Facing issue in setting up oozie with secure MapR cluster - hadoop

We are facing an issue with setting up an oozie service with secure mapr cluster.
We are using the MapR installer to setup the MapR Cluster. Below are the configuration and steps that we followed.
MapR version - 6.1
Os - Ubuntu 16.04
Authentication - Kerberos
Nodes - Single node
We have enabled the Mapr security by using the Enable Secure Cluster option in the installer.
Reference doc - https://docs.datafabric.hpe.com/61/AdvancedInstallation/using_enable_secure_cluster_option.html
We have installed the kerberos in the machine.
Reference doc - https://linuxconfig.org/how-to-install-kerberos-kdc-server-and-client-on-ubuntu-18-04
Below are the commands we executed to setup kerberos authentication for the MapR cluster
Reference docs -
https://docs.datafabric.hpe.com/61/SecurityGuide/Configuring-Kerberos-User-Authentication.html
https://docs.datafabric.hpe.com/61/SecurityGuide/ConfiguringSPNEGOonMapR.html
sudo kadmin.local
addprinc -randkey mapr/my.cluster.com
ktadd -k /opt/mapr/conf/mapr.keytab mapr/my.cluster.com
addprinc -randkey HTTP/<instance-name>#<realm-name>
ktadd -k /opt/mapr/conf/http.keytab HTTP/<instance-name>#<realm-name>
addprinc -randkey mapr/<instance-name>#<realm-name>
ktadd -k /opt/mapr/conf/mapr2.keytab mapr/<instance-name>#<realm-name>
sudo chown mapr:mapr /opt/mapr/conf/mapr.keytab /opt/mapr/conf/http.keytab /opt/mapr/conf/mapr2.keytab
sudo chmod 777 /opt/mapr/conf/mapr.keytab /opt/mapr/conf/http.keytab /opt/mapr/conf/mapr2.keytab
ktutil
rkt /opt/mapr/conf/mapr.keytab
rkt /opt/mapr/conf/http.keytab
rkt /opt/mapr/conf/mapr2.keytab
wkt /opt/mapr/conf/mapr.keytab
sudo /opt/mapr/server/configure.sh -N my.cluster.com -C <CLDB Node>:7222 -Z <ZookeeperNode>:5181 -K -P "mapr/my.cluster.com#<realm-name>"
Note:
The command which is mentioned in the doc (configure.sh -K -P "<cldbPrincipal>") throws error , but the above command works.
kinit
maprlogin kerberos
hadoop fs -ls
3.1 ) We are able to access the mapr file system.
3.2) We are using the below command to run a simple mapreduce job and it works fine.
hadoop jar /opt/mapr/hadoop/hadoop-2.7.0/share/hadoop/mapreduce/hadoop-mapreduce-examples-2.7.0-mapr-1808.jar pi 16 1000
Oozie configuration with kerberos authentication
Reference doc - https://docs.datafabric.hpe.com/61/Oozie/ConfiguringOozieonaSecureCluster.html
We have added below properties in the oozie-site.xml
<property>
<name>oozie.authentication.type</name>
<value>kerberos</value>
<description>
Defines authentication used for Oozie HTTP endpoint.
Supported values are: simple | kerberos | #AUTHENTICATION_HANDLER_CLASSNAME#
</description>
</property>
<property>
<name>oozie.service.HadoopAccessorService.keytab.file</name>
<value>/opt/mapr/conf/mapr.keytab</value>
<description>
Location of the Oozie user keytab file.
</description>
</property>
<property>
<name>local.realm</name>
<value>{local.realm}</value>
<description>
Kerberos Realm used by Oozie and Hadoop.
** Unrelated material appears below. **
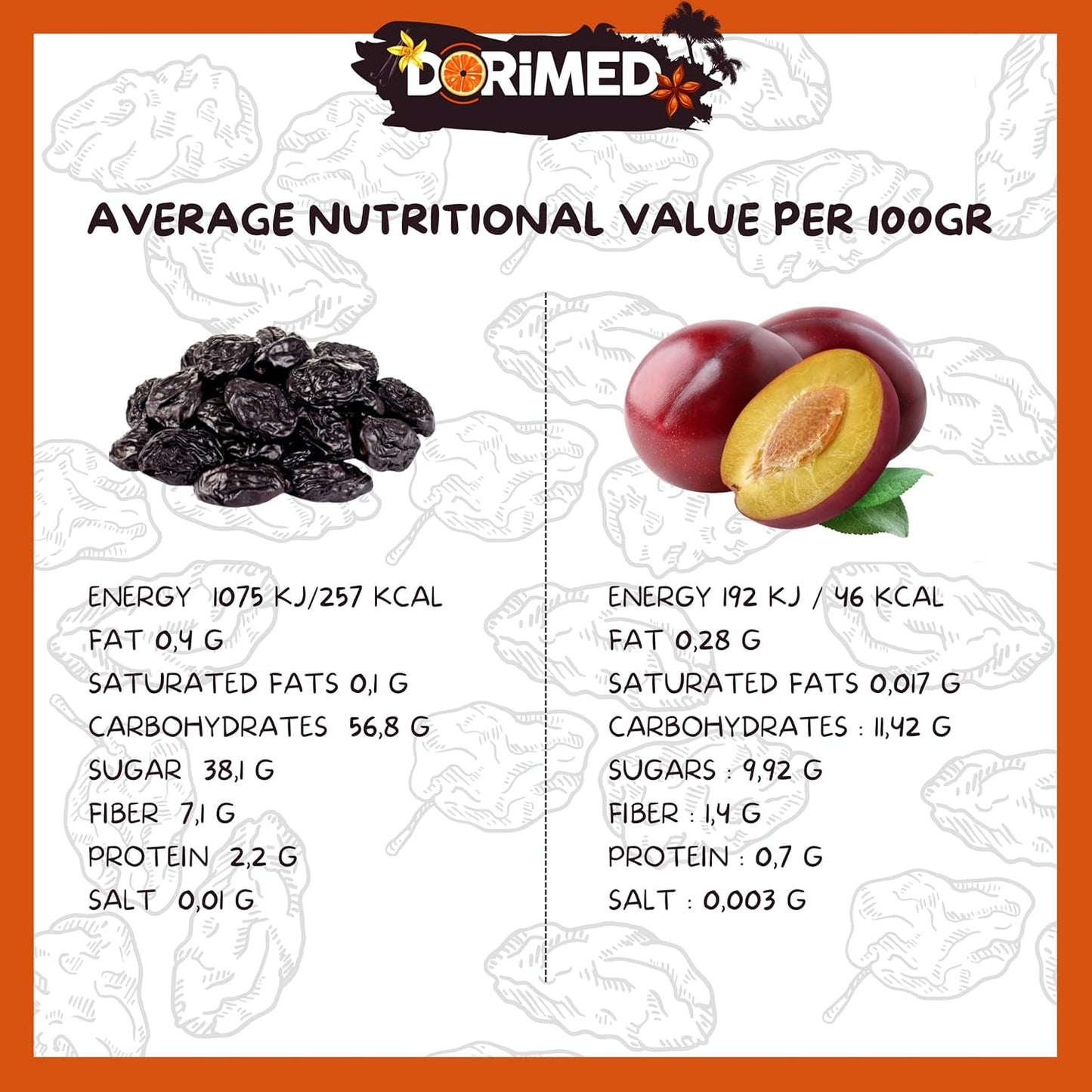Pflaumen 1 kg | Steinlose Pflaumen aus Agen | Zart, weich, lecker und saftig | Ganze, große, ungesüßte Trockenfrüchte | Reich an Ballaststoffen und natürlichen Antioxidantien. Dehydrierte Produkte von Naty Shop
Using 'local.realm' aligns with Hadoop configuration
</description>
</property>
<property>
<name>oozie.service.HadoopAccessorService.kerberos.principal</name>
<value>mapr/<hostname>#${local.realm}</value>
<description>
Kerberos principal for Oozie service.
</description>
</property>
<property>
<name>oozie.authentication.kerberos.principal</name>
<value>HTTP/<hostname>#${local.realm}</value>
<description>
Indicates the Kerberos principal to be used for the HTTP endpoint. The principal MUST start with 'HTTP/' per the Kerberos HTTP SPNEGO specification.
</description>
</property>
We are checking the oozie status by using bin/oozie admin -status -auth KERBEROS command , we are getting below error.
java.io.IOException: Error while connecting Oozie server. No of retries = 1. Exception = Could not authenticate, Authentication failed, status: 302
Kindly help us to resolve this issue

Oozie is a frigging nightmare in general. Adding Kerberos won't make it easier. Just saying.
The issue that you are describing appears to be that some component isn't getting the memo about the Kerberos identity that you are using or doesn't have access/permissions to validate an access. This is a common problem and typically requires step-by-step interaction to work through what is known and what is not yet known (but often is assumed). I am definitely not an expert on these kinds of issues, however.
You have a really excellent problem report here which is exactly the sort of thing that the support team can use.
Do you have an active support or partner in place?

Related

Oozie on YARN - oozie is not allowed to impersonate hadoop

I'm trying to use Oozie from Java to start a job on a Hadoop cluster. I have very limited experience with Oozie on Hadoop 1 and now I'm struggling trying out the same thing on YARN.
I'm given a machine that doesn't belong to the cluster, so when I try to start my job I get the following exception:
E0501 : E0501: Could not perform authorization operation, User: oozie is not allowed to impersonate hadoop
Why is that and what to do?
I read a bit about core-site properties that need to be set
<property>
<name>hadoop.proxyuser.oozie.groups</name>
<value>users</value>
</property>
<property>
<name>hadoop.proxyuser.oozie.hosts</name>
<value>master</value>
</property>
Does it seem that this is the problem? Should I contact people responsible for cluster to fix that?
Could there be problems because I'm using same code for YARN as I did for Hadoop 1? Should something be changed? For example, I'm setting nameNode and jobTracker in workflow.xml, should jobTracker exist, since there is now ResourceManager? I have set the address of ResourceManager, but left the property name as jobTracker, could that be the error?
Maybe I should also mention that Ambari is used...
Hi please update the core-site.xml
<property>
<name>hadoop.proxyuser.hadoop.groups</name>
<value>*</value>
</property>
<property>
<name>hadoop.proxyuser.hadoop.hosts</name>
<value>*</value>
</property>
and jobTracker address is the Resourcemananger address that will not be the case . once update the core-site.xml file it will works.
Reason:
Cause of this type of error is- You run oozie server as a hadoop user but you define oozie as a proxy user in core-site.xml file.
Solution:
change the ownership of oozie installation directory to oozie user and run oozie server as a oozie user and problem will be solved.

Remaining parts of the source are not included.